Albert BESNARD (1849-1934)

Scène de massacre, 1872
Aquarelle et gouache sur papier 
28 × 37,2 cm
Signé et daté en bas à gauche ABesnard. 1872

Vendu

Fils du peintre d’histoire Adolphe Besnard et de la peintre miniaturiste Louise Besnard, Albert naît à Paris en 1849. Après des études classiques, durant lesquelles ses parents lui donnent ses premières leçons de dessin, le jeune homme commence véritablement son apprentissage auprès du peintre Jean François Brémond. À dix-sept ans, Albert Besnard s’inscrit dans les ateliers d’Alexandre Cabanel et Sébastien Cornu à l’École des beaux-arts, puis participe pour la première fois au Salon en 1868. Lecteur féru depuis l’enfance, passionné par l’histoire, Besnard présente l’année suivante une peinture ambitieuse fortement influencée par les maîtres de la Renaissance italienne : Procession des bienfaiteurs et des pasteurs de l’église de Vauhallan depuis son origine jusqu’à la Révolution de 1793. À la déclaration de guerre en 1870, l’artiste s’engage dans la Garde nationale avec laquelle il se bat contre les Prussiens, mais quitte Paris pour fuir les évènements de la Commune. Cet épisode terrible de l’histoire de Paris, qui se conclut dans un bain de sang, marque profondément le jeune artiste qui, de retour dans la capitale, reprend ses études avec acharnement et ambitionne de gagner le prix de Rome. 

De cette période date une aquarelle dont le sujet sanglant fut probablement inspiré par les évènements récents.
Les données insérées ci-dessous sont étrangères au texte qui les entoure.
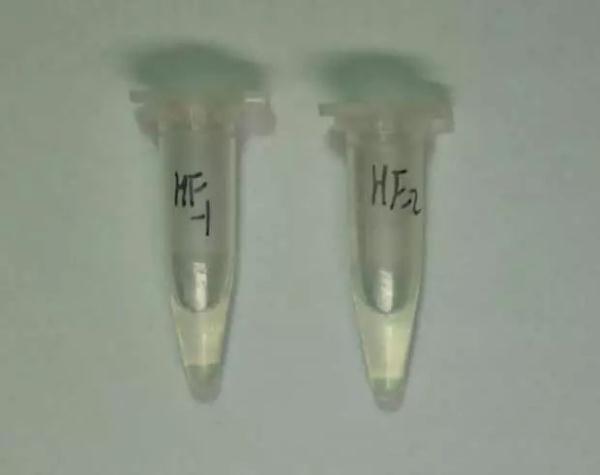 神仙水是什么，神仙水到底为什么这么神（神仙水是什么）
La scène se déroule dans une chambre au décor puisé dans le répertoire ornemental du xve siècle. Sur la gauche, une imposante cheminée fait face à un baldaquin fermé par d’épais rideaux en brocart cramoisi. Une femme nue, sans vie, gît sur le lit et domine le corps frêle d’un enfant abandonné sur la marche de l’estrade. Des traînées rouges s’écoulent des plaies et se répandent sur les lattes du parquet, prolongation sanguine de la couleur des tentures. Au fond, par la fenêtre pendante, détachée de ses gonds, on aperçoit les toits bleutés de la ville. Bien que le sujet de cette aquarelle ne soit pas légendé, la date de « 1872 » inscrite sur la cheminée et la reprise presque à l’identique du décor du tableau de Robert-Fleury Scène de la Saint-Barthélemy, acheté par l’État au Salon de 1833, ne laissent aucun doute sur les intentions de Besnard : il fait référence aux massacres qui eurent lieu à Paris précisément quatre siècles plus tôt, le 24 août 1572, jour de la Saint-Barthélemy, durant lequel des milliers de protestants furent assassinés.

L’année précédente, l’École des beaux-arts avait imposé pour le concours le sujet des Adieux d’Œdipe aux cadavres de sa femme et de ses fils, thème funeste avec lequel résonne celui de l’aquarelle tracée en 1872. Albert Besnard remporte le prix de Rome en 1874 avec La Mort de Timophane, tyran de Corinthe, première étape d’une carrière remplie d’honneurs et de succès.